All this has now been cast asunder by the rise of “transnational capital” and a “transnational capitalist class” which has brought about the rise of the “transnational state.” Its laws and policies advance the interests of the transnational capital class and its allies over nationally oriented groups among the elite, not to mention over workers and the poor. (William I. Robinson, “Critical Globalization Studies 16007,” which is available on the internet)
@ Glenn Stehle
What on earth are you talking about? We are looking for profits net of tax in a given period. Profits are ‘generated’ by the right hand side of the equation. Call the right hand side Period 1. But the profits are then immediately taxed. These taxed profits will then feed into the right hand side of the equation in Period 2. (Or whatever).
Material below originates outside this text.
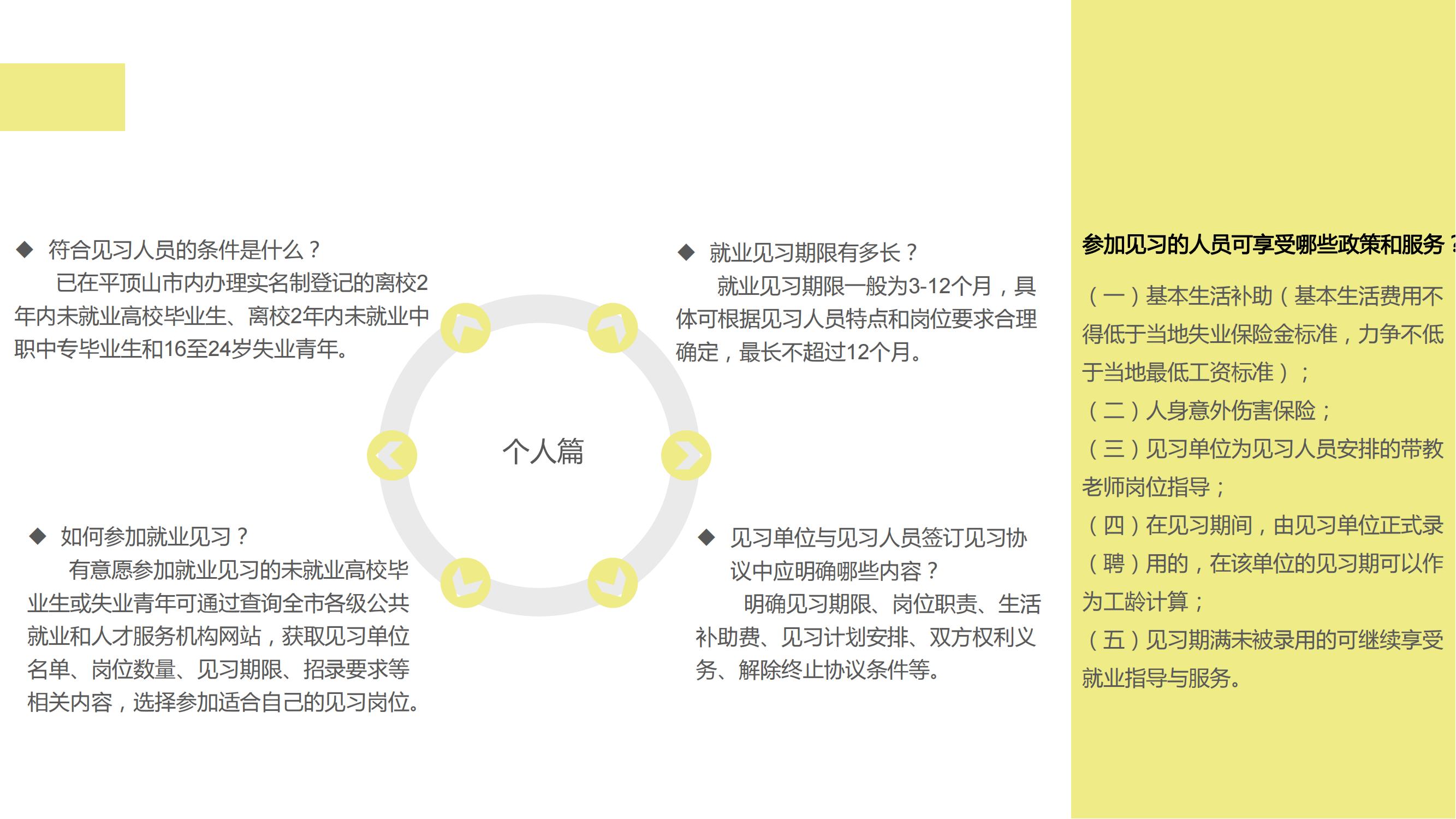石龍區(qū)就業(yè)見習(xí)政策指南_02.jpg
I’ve got Kalecki’s “Theory of Economic Dynamics” open in front of me and he uses the equation in the exact same way. I’m not going to type up the quote, but here’s Professor Mitchell saying the same thing:
http://bilbo.economicoutlook.net/blog/?p=12003
“We can solve this for Gross Profits after tax (Pn) to get:
Pn = I + (G – T) + NX + Cp + Vn – Sw – Vn
So:
Pn = I + (G – T) + NX + Cp – Sw
which says in English, that gross profits after tax (Pn) equals gross investment (I), plus the budget deficit (G – T), plus the export surplus (NX), plus capitalists’ consumption (Cp) minus workers’ saving (Sw).”
Now, either I’m wrong, Kalecki himself is wrong, Bill Mitchell is wrong and every single Kaleckian economist I’ve ever encountered is wrong. Or you’re wrong. Personally, I’ll stick with Kalecki.
I don’t think you actually made any arguments against market monetarism. Market monetarism doesn’t necessarily argue against inflation targeting or unemployment, in fact price level targeting is an alternative to ngdp targeting and addressing unemployment is the whole point. Instead, market monetarists don’t agree with interest rate targeting given that interest rates can be misleading, i.e. low interests rates do not necessarily indicate loose monetary policy.
“Indeed, such a policy might, if pursued with gusto, lead to a stagflation scenario where workers suffered unemployment on the one hand and falling living standards on the other.” It seems here as though you think that due to structural issues, the natural rate of unemployment is higher than what most economists think. If that is so, then you still are not addressing any of the points of market monetarism. Currently the unemployment rate in the U.S. is officially 8%, and it is much higher if you count those not in the labor force, and I think it is fair to assume that there is a gap between potential output and actual output which means there is room for inflation.
Further, “As we said though, it is unlikely that the market monetarists’ policies will be able to generate inflation even if they are implemented.” All it takes is single announcement to anchor inflation expectations. Inflation expectations translate into actual inflation instantly.
pilkingtonphil said:
I think that anyone who has the ability to do junior high-school level math or above knows exactly what I’m talking about.